# Greensmaster 1600 Drum Issues



## JoeyMitchell (Oct 25, 2020)

Looking for advice: I have a 2014 Greensmaster 1600 and something happend yesterday while cutting. It felt like a drag and pull to the left started occurring. Could it be something in the drum bent? If you look at the left and right drum, the gap at the top is much wider than the gap on the bottom. I can pry it back and it appears to correct some but I don't want to do that too much and break something. Could it be the drums are locking up at contact at the bottom? Thanks in advance for any help! All belts are intact.


----------



## Logan200TCP (Apr 9, 2020)

Check the drum bearings. Part # 4 in the diagram.


----------



## JoeyMitchell (Oct 25, 2020)

Will do, thanks!


----------



## JoeyMitchell (Oct 25, 2020)

Finally got it apart and the spindle, part #2 broke off right at the face plate. Can you buy the whole bundle or do I have to buy all the parts? The broken piece of the spindle and all the bearings are stuck in the housing (part #8).


----------



## JoeyMitchell (Oct 25, 2020)

Posting if it'll help anyone else in the future (didn't really see much on how to do this anywhere). When I started to take it apart, the drum just fell out. I had to buy parts 2 through 7 above, build the hub and the reattach drum to each end of the hub. Because it's a perfect fit putting back on, you will need to have at least one gear side off to reattach. It's impossible to attach if drum, extension and gear are all as one piece. Thanks for the advice all!!


----------



## Ware (Jan 28, 2017)

Thanks for the update.

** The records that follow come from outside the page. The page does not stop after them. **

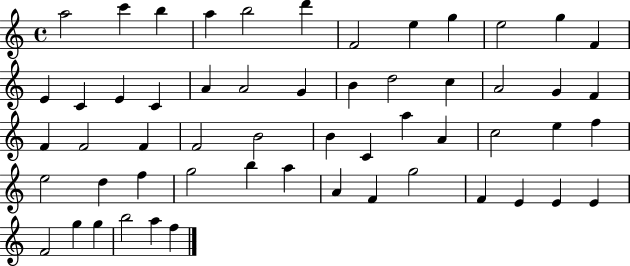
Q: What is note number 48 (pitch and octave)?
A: E4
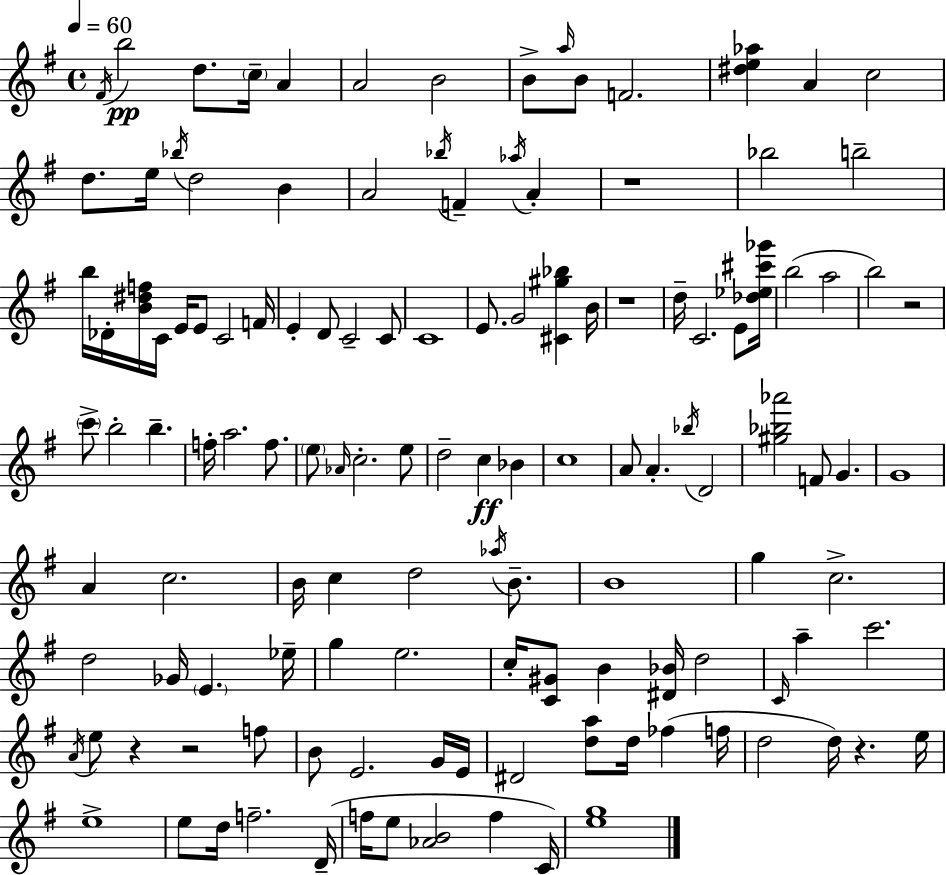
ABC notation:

X:1
T:Untitled
M:4/4
L:1/4
K:G
^F/4 b2 d/2 c/4 A A2 B2 B/2 a/4 B/2 F2 [^de_a] A c2 d/2 e/4 _b/4 d2 B A2 _b/4 F _a/4 A z4 _b2 b2 b/4 _D/4 [B^df]/4 C/4 E/4 E/2 C2 F/4 E D/2 C2 C/2 C4 E/2 G2 [^C^g_b] B/4 z4 d/4 C2 E/2 [_d_e^c'_g']/4 b2 a2 b2 z2 c'/2 b2 b f/4 a2 f/2 e/2 _A/4 c2 e/2 d2 c _B c4 A/2 A _b/4 D2 [^g_b_a']2 F/2 G G4 A c2 B/4 c d2 _a/4 B/2 B4 g c2 d2 _G/4 E _e/4 g e2 c/4 [C^G]/2 B [^D_B]/4 d2 C/4 a c'2 A/4 e/2 z z2 f/2 B/2 E2 G/4 E/4 ^D2 [da]/2 d/4 _f f/4 d2 d/4 z e/4 e4 e/2 d/4 f2 D/4 f/4 e/2 [_AB]2 f C/4 [eg]4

This may be one of the first drum issues I've seen on a Toro.


----------



## JoeyMitchell (Oct 25, 2020)

It must have been left outside before I bought it. The hub shouldn't look that bad for a 2014.


----------



## Biggylawns (Jul 8, 2019)

It's probably from being dropped off a transport at the course, that's how mine happened. I stayed in touch with the course mechanic as he thought it was just a bad bearing. Glad you figured it out - did you level the drum to bedbar?


----------



## JoeyMitchell (Oct 25, 2020)

Yes, thanks! A project I hoped would only take a couple of hours turned into an all day fix ha!


----------